━━━ MATERIAL FOR THIS TASK ━━━
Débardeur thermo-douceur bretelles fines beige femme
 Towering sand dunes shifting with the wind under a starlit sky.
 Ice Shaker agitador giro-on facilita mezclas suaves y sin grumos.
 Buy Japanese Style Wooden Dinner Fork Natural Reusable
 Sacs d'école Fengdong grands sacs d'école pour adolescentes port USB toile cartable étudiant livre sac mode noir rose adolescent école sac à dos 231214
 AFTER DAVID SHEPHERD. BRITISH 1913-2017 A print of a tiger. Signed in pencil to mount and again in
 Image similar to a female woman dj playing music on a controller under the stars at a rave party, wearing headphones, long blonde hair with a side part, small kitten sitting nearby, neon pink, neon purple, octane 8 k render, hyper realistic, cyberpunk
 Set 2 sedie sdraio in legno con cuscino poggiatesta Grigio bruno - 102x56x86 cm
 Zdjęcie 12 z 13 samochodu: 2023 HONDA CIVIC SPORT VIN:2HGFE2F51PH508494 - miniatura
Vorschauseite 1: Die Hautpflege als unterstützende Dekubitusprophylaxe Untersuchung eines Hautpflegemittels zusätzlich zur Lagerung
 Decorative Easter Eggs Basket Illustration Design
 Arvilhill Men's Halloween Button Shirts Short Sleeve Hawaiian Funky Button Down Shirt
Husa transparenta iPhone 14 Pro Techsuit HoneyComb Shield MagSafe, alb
━━━
DIRECTIONS> Write the whole listing out again, exactly as it appears above.

RESPONSE>
Débardeur thermo-douceur bretelles fines beige femme
 Towering sand dunes shifting with the wind under a starlit sky.
 Ice Shaker agitador giro-on facilita mezclas suaves y sin grumos.
 Buy Japanese Style Wooden Dinner Fork Natural Reusable
 Sacs d'école Fengdong grands sacs d'école pour adolescentes port USB toile cartable étudiant livre sac mode noir rose adolescent école sac à dos 231214
 AFTER DAVID SHEPHERD. BRITISH 1913-2017 A print of a tiger. Signed in pencil to mount and again in
 Image similar to a female woman dj playing music on a controller under the stars at a rave party, wearing headphones, long blonde hair with a side part, small kitten sitting nearby, neon pink, neon purple, octane 8 k render, hyper realistic, cyberpunk
 Set 2 sedie sdraio in legno con cuscino poggiatesta Grigio bruno - 102x56x86 cm
 Zdjęcie 12 z 13 samochodu: 2023 HONDA CIVIC SPORT VIN:2HGFE2F51PH508494 - miniatura
Vorschauseite 1: Die Hautpflege als unterstützende Dekubitusprophylaxe Untersuchung eines Hautpflegemittels zusätzlich zur Lagerung
 Decorative Easter Eggs Basket Illustration Design
 Arvilhill Men's Halloween Button Shirts Short Sleeve Hawaiian Funky Button Down Shirt
Husa transparenta iPhone 14 Pro Techsuit HoneyComb Shield MagSafe, alb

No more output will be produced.